▸ Activity
Return each record unchanged and drop the images.
▼▼▼
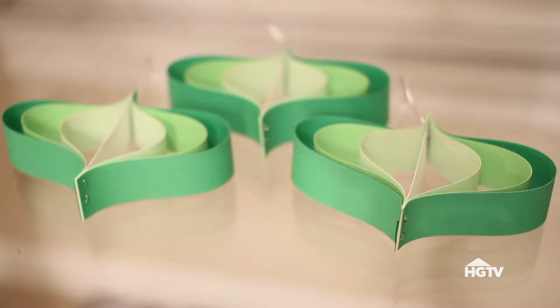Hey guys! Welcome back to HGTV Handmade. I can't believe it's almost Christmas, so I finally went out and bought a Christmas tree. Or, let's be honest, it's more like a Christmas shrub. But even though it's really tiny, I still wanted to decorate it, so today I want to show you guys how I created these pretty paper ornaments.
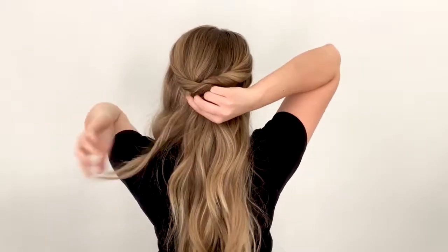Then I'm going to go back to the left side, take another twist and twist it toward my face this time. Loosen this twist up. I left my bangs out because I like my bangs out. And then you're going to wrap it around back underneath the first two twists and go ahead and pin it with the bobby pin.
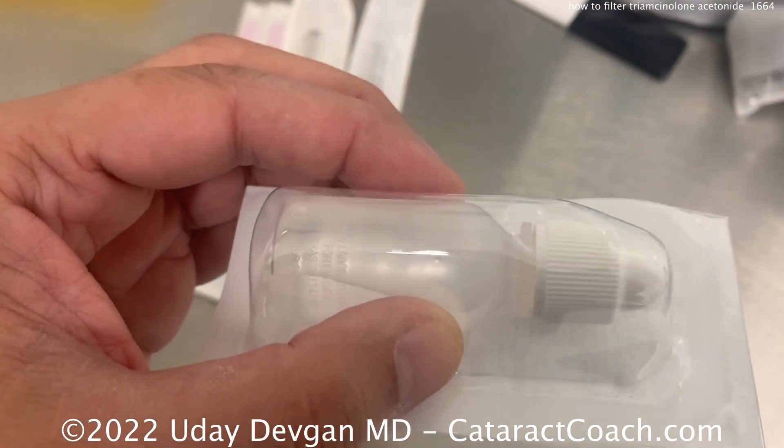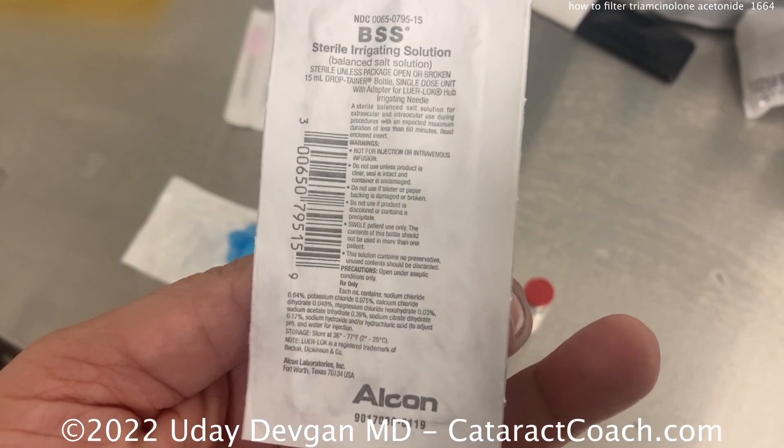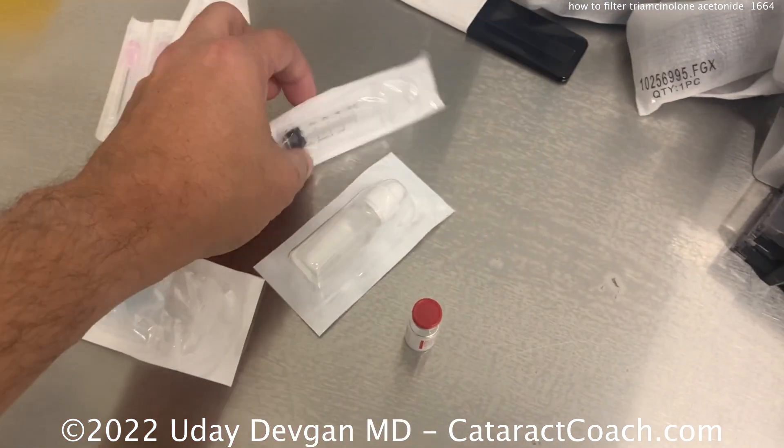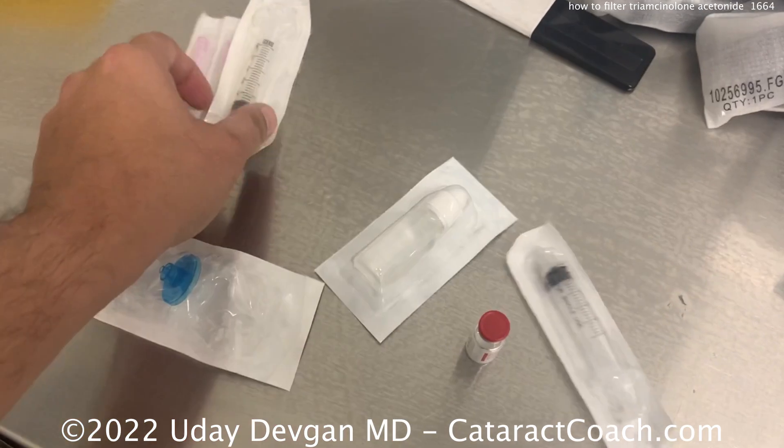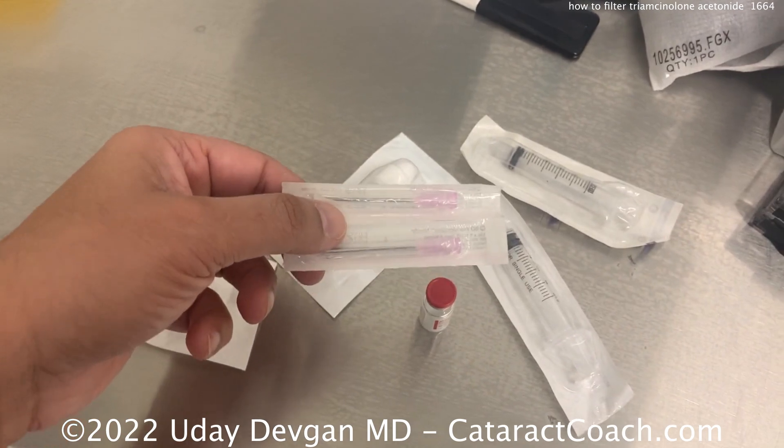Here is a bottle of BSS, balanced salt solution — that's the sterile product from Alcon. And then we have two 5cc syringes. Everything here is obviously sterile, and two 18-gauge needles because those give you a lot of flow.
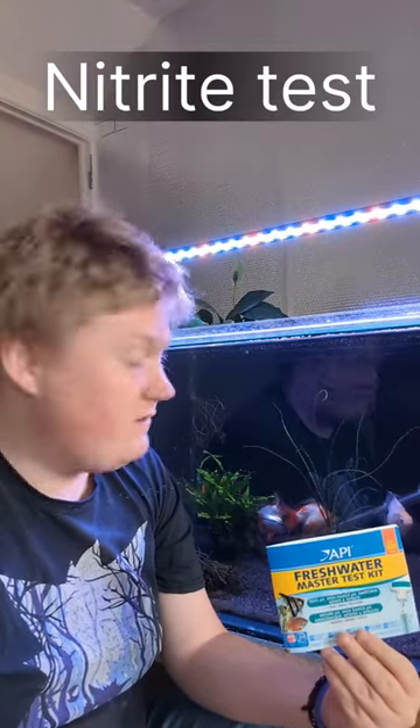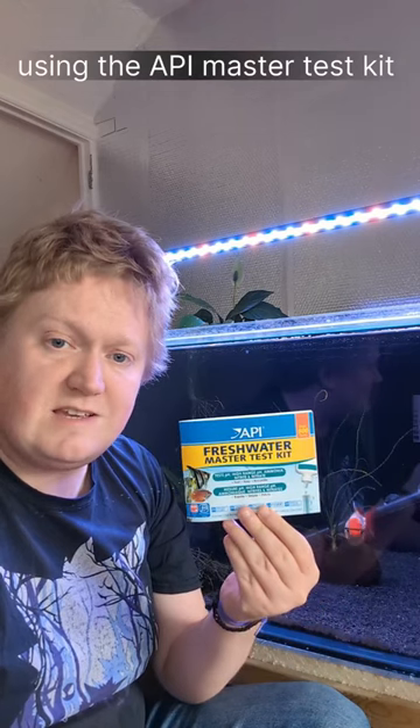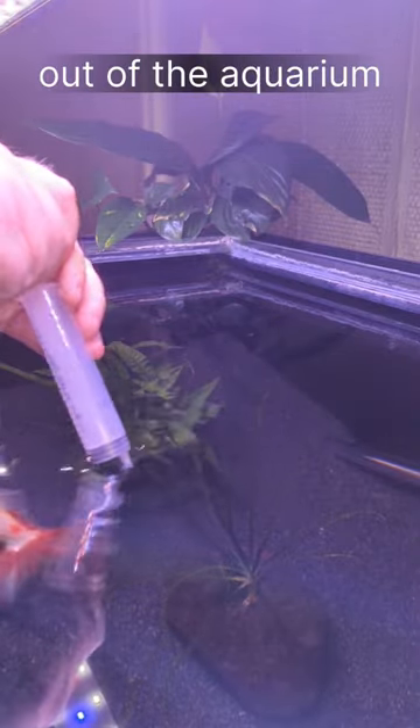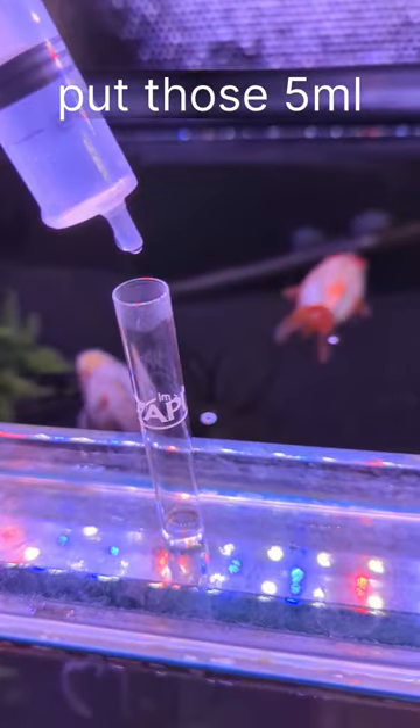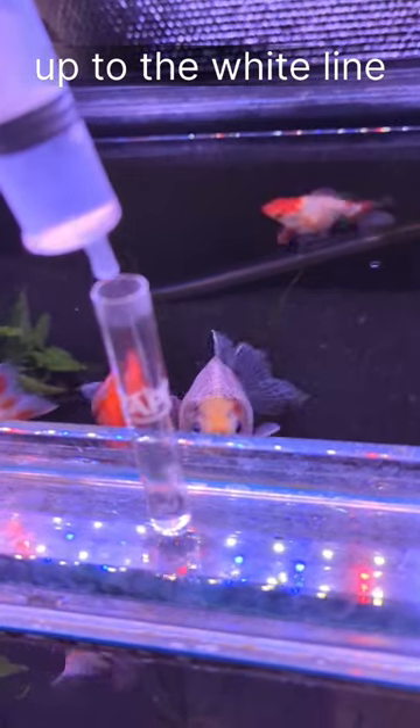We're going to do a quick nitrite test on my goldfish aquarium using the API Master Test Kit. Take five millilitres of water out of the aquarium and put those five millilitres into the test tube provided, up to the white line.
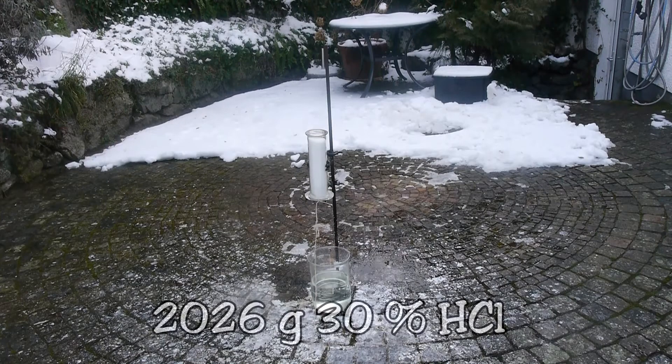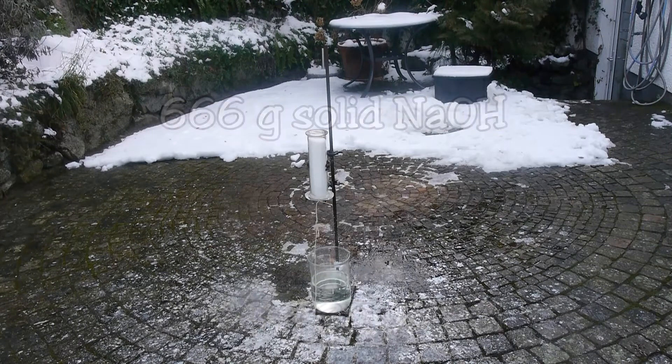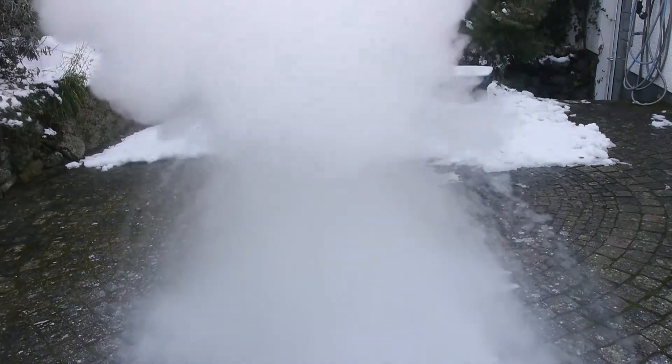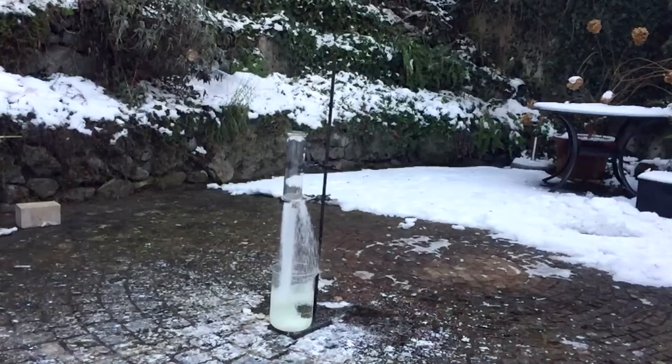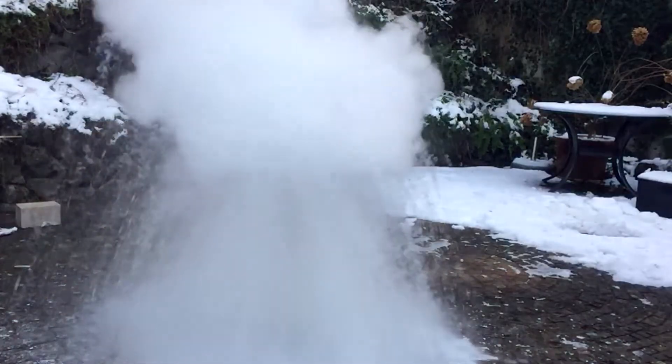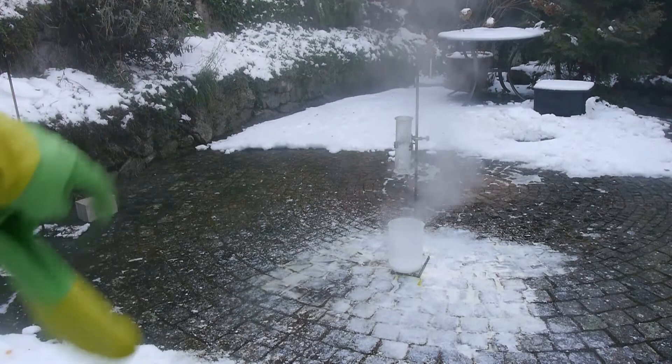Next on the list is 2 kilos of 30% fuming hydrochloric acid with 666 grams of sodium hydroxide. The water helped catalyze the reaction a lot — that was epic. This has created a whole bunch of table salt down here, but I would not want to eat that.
▲▲▲
▸ Result of this task
Hey guys! Welcome back to HGTV Handmade. I can't believe it's almost Christmas, so I finally went out and bought a Christmas tree. Or, let's be honest, it's more like a Christmas shrub. But even though it's really tiny, I still wanted to decorate it, so today I want to show you guys how I created these pretty paper ornaments.
Then I'm going to go back to the left side, take another twist and twist it toward my face this time. Loosen this twist up. I left my bangs out because I like my bangs out. And then you're going to wrap it around back underneath the first two twists and go ahead and pin it with the bobby pin.
Here is a bottle of BSS, balanced salt solution — that's the sterile product from Alcon. And then we have two 5cc syringes. Everything here is obviously sterile, and two 18-gauge needles because those give you a lot of flow.
We're going to do a quick nitrite test on my goldfish aquarium using the API Master Test Kit. Take five millilitres of water out of the aquarium and put those five millilitres into the test tube provided, up to the white line.
Next on the list is 2 kilos of 30% fuming hydrochloric acid with 666 grams of sodium hydroxide. The water helped catalyze the reaction a lot — that was epic. This has created a whole bunch of table salt down here, but I would not want to eat that.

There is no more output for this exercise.